To further investigate the ability to release iron and arsenic in an acidic medium under real conditions, the authors conducted experiments at pH values from 4.5 to 2.5. The course of the experiment was the same as under seepage conditions: 120 mL of aqueous phase with the above composition was added in a pre-stored solution. A 4 M HCl solution was used to adjust the pH value of the water before each wash through the column and 20 mL of sample was taken for analysis. The above procedure was repeated (pH adjustment for five days and sampling).

Methods of As(III) and As(V) separation and quality indicator in a sample

The method of As(III) and As(V) separation in a solution of ethanol and water with a ratio of 30:70 involves single filtration using Lewatit MonoPlus M 500 ion exchange resin [11]. All experiments were performed in the nitrogen atmosphere to prevent arsenic oxidation. The process of arsenic extraction is shown in Fig. 2.

 

Fig. 2. Scheme of separation of As(III) and As(V) [11]

 

The content of Ni²⁺, Cu²⁺, Pb²⁺, Zn²⁺, Fe²⁺, As(III) and As(V) ions was analysed on an atomic absorption spectrometer, As was analysed by the cold vapour method.
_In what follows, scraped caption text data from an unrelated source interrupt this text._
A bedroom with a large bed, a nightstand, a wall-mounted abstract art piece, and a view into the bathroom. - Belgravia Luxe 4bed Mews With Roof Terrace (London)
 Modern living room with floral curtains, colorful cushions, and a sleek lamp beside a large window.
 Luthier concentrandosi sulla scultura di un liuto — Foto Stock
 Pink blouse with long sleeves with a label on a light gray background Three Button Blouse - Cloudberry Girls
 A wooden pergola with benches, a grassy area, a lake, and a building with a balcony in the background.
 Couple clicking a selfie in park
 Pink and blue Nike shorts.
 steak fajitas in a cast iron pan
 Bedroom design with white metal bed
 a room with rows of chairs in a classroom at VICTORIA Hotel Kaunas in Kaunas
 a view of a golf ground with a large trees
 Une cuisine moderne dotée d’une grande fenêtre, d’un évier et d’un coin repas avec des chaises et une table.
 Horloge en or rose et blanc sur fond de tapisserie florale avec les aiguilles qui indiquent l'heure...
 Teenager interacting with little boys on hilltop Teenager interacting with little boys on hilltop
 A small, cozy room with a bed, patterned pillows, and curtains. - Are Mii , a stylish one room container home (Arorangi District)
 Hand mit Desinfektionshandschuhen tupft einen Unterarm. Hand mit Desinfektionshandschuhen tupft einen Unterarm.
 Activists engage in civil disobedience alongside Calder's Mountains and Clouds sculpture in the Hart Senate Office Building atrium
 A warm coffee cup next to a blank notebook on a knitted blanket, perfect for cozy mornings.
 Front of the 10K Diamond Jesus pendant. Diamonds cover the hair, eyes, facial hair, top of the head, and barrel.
Sample processing and analysis

The liquid samples were treated using HNO₃ and HCl acids at a volume ratio of HNO₃:HCl as 1:3, at a rate of 50 mL of acid mixture per 100 mL of the sample. Then, As and heavy metals were measured using an atomic absorption spectrophotometer (model iCE 3500, Thermo Scientific, USA), Fe²⁺ was analysed according to the Vietnamese standard TCVN on a DR 5000 device (HACH), whereas pH, Eh and dissolved oxygen content were measured using Hanna HI98304 electrodes (Romania).

Solutions of HCl, HNO₃ with different concentrations were prepared from 37% concentrated perchloric acid HCl and 65% nitric acid HNO₃ (chemically pure, Merck) in distilled water or in hypoxic distilled water, depending on the requirements of each experiment.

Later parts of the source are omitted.